* _To do_
Your response should consist of the full data, set down exactly.

* _Information given_
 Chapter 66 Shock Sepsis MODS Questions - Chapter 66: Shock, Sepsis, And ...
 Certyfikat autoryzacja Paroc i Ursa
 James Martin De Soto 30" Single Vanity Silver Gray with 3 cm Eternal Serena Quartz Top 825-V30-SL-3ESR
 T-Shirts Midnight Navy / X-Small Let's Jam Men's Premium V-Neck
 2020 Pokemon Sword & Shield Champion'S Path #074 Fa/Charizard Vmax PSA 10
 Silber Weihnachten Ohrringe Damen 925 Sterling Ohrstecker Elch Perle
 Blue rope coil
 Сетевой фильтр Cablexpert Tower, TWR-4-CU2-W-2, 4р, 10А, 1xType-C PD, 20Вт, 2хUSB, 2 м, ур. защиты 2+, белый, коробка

* _Result of the task_
 Chapter 66 Shock Sepsis MODS Questions - Chapter 66: Shock, Sepsis, And ...
 Certyfikat autoryzacja Paroc i Ursa
 James Martin De Soto 30" Single Vanity Silver Gray with 3 cm Eternal Serena Quartz Top 825-V30-SL-3ESR
 T-Shirts Midnight Navy / X-Small Let's Jam Men's Premium V-Neck
 2020 Pokemon Sword & Shield Champion'S Path #074 Fa/Charizard Vmax PSA 10
 Silber Weihnachten Ohrringe Damen 925 Sterling Ohrstecker Elch Perle
 Blue rope coil
 Сетевой фильтр Cablexpert Tower, TWR-4-CU2-W-2, 4р, 10А, 1xType-C PD, 20Вт, 2хUSB, 2 м, ур. защиты 2+, белый, коробка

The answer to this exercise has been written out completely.